Mockery. Meanwhile, unhappy Clement Attlee spent several highly uncomfortable days trying to explain to the House of Commons what had happened. The whole matter, he suggested, was something of an accident. Said he: "[The document] happened to be published on that dayI think through having gone to the printer at a certain time. I think it was unfortunate, myself."
The Tories, who have themselves refrained so far from championing the Schuman Plan, did not miss the chance to harass the government. With deadpan mockery, Winston Churchill asked if the Prime Minister's statements had been "collated" with Labor Party policy. The party document, replied Attlee, did not represent official government policy. Said he: "His Majesty's Government desire to help and not to hinder in this matter [of the Schuman Plan]."

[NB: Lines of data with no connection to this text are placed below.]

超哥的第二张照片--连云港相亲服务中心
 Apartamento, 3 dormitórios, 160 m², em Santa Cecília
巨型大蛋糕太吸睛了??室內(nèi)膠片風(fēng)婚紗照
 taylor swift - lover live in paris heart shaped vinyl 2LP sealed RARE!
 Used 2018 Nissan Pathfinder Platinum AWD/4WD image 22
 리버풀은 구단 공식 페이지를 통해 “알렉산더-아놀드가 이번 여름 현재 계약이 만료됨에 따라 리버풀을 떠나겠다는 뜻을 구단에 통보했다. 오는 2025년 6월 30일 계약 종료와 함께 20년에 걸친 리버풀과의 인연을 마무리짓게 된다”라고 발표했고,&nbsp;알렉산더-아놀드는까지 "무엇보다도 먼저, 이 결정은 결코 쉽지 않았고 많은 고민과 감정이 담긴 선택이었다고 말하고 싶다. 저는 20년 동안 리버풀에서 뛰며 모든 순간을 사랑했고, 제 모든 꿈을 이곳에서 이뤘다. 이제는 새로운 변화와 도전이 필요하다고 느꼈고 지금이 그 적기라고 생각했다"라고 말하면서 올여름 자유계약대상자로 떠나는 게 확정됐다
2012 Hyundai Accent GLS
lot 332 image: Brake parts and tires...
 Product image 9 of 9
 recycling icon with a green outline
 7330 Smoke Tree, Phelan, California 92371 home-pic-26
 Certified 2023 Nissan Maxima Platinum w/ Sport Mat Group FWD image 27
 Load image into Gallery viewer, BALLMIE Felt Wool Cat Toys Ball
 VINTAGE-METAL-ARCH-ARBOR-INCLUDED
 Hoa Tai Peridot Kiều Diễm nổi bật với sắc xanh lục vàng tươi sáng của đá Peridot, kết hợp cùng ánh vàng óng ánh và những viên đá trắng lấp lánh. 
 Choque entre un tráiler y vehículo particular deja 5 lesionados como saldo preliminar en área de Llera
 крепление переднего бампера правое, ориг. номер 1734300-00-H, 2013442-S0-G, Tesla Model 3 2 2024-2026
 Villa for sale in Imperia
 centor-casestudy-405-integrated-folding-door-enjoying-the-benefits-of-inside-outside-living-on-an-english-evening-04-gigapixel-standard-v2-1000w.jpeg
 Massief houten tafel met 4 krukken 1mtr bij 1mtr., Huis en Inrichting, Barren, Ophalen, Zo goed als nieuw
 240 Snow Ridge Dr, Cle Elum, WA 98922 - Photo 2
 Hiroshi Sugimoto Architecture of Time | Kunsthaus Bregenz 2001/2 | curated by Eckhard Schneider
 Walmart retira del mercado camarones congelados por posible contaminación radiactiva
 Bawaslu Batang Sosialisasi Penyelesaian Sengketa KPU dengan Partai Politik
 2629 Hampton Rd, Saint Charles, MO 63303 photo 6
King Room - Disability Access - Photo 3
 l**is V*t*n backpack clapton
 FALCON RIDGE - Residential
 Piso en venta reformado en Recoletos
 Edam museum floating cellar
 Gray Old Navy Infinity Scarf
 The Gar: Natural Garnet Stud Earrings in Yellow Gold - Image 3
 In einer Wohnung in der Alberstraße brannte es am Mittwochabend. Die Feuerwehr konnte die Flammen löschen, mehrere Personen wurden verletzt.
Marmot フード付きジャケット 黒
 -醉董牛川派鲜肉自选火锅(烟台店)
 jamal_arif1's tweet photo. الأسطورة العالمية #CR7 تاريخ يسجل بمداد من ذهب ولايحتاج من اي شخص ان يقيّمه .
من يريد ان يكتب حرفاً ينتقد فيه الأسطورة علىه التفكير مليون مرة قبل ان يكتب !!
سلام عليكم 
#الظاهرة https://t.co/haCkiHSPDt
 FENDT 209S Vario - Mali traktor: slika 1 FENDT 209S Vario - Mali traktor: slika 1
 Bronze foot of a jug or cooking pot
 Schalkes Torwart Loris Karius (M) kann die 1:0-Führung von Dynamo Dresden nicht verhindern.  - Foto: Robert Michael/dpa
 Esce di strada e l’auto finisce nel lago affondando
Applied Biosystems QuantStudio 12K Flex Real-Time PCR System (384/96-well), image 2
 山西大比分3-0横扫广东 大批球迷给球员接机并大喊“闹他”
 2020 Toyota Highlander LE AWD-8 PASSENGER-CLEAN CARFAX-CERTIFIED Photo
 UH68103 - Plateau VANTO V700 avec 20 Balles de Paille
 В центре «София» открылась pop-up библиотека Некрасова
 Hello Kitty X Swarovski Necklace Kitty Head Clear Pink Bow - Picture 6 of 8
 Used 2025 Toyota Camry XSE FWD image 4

His Majesty's ambassadors abroad were charged with the task of explaining this paradox to foreign governments. In Washington, Dean Acheson was inclined to accept the explanation. In Paris it was less successful. At a luncheon party, British Embassy officials tried to impress on French newsmen the fine distinction between the opinions of British cabinet ministers speaking as cabinet ministers and those of British cabinet ministers speaking as officers of the Labor Party. Said one of the Britons ruefully, "a very, very sticky luncheon . . . but it proved impossible to make our story stick."